Chairperson: Ms. WARZAZI
(E/CN.4/Sub.2/2003/8, 9, 11, 12/Rev.1, 14-18, 38/Rev.1, 41 and 42; E/CN.4/Sub.2/2003/NGO/3, 8, 13,14, 21,22, 29, 35-39, 42, 44 and 48; E/CN.4/2003/7)
54. Ms. ROSEN (World Jewish Congress), speaking also on behalf of the International Association of Jewish Lawyers and Jurists, said that the two organizations welcomed the Sub-Commission's decision to study certain rights of refugees and wished to draw its attention to the long-neglected case of nearly 1 million Jewish refugees from Arab lands.

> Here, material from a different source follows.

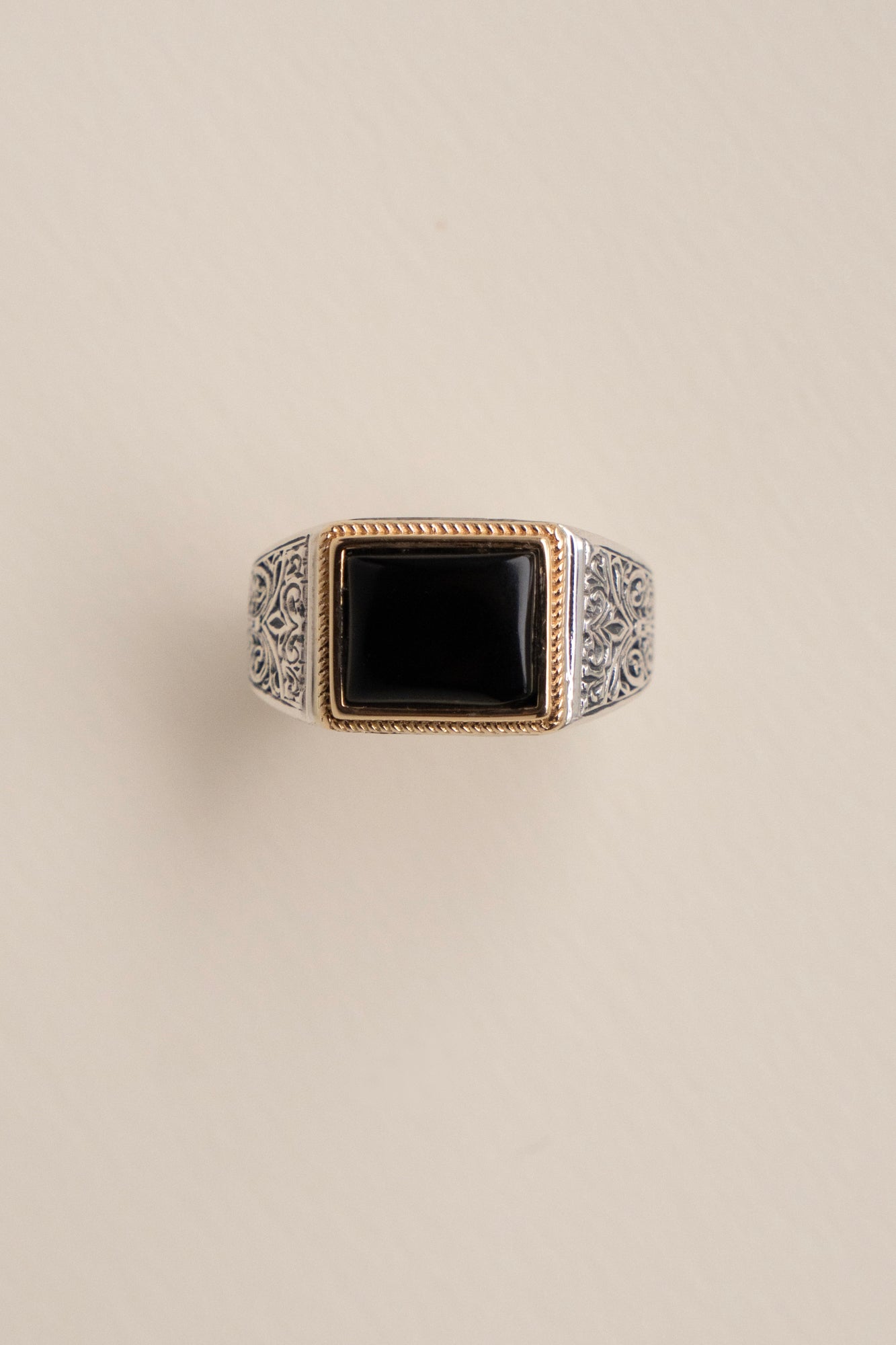 Gerochristo Classic Signet Ring Onyx /Silver&K18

She stressed that the organizations she represented did not intend to deny the sufferings of Arab refugees from Palestine, but an understanding of the facts of the situation of the Jewish refugees was a precondition for creating a durable peace between Jews and Arabs.
55. After describing briefly the history of the Jewish refugees displaced from Arab countries since the late 1940's, she pointed out that they had been officially recognized as falling within the mandate of the United Nations High Commissioner for Refugees (UNHCR). The then High Commissioner had used his powers to seek the transfer of their assets but had been unable to obtain the cooperation of Egyptian and later of other national authorities. The Jewish refugees had then turned to Israel which had unhesitatingly accepted them without international assistance.
56. In contrast, following the unsuccessful invasion of Israel in 1948, approximately 650,000 Arabs had fled their homes. The Arab countries concerned, with the sole exception of Jordan, had placed them in refugee camps, which were still in existence under the auspices of the United Nations Relief and Works Agency for Palestine Refugees in the Near East (UNWRA). The refugee camps had become breeding grounds for terrorist organizations.
57. The Jewish and Arab refugee problems were interrelated but different: in the final analysis, there had been an unjust and cruel exchange of populations. The Council of Europe had recently proposed a constructive solution calling for compensation for Palestinian refugees choosing to remain in their various locations and for the establishment by the United Nations of a fund to finance resettlement. The Jewish refugees still awaited legitimate redress for denial of their human rights and spoliation of their property. There would be no lasting peace in the Middle East until that gross and systematic violation of their human rights had been addressed.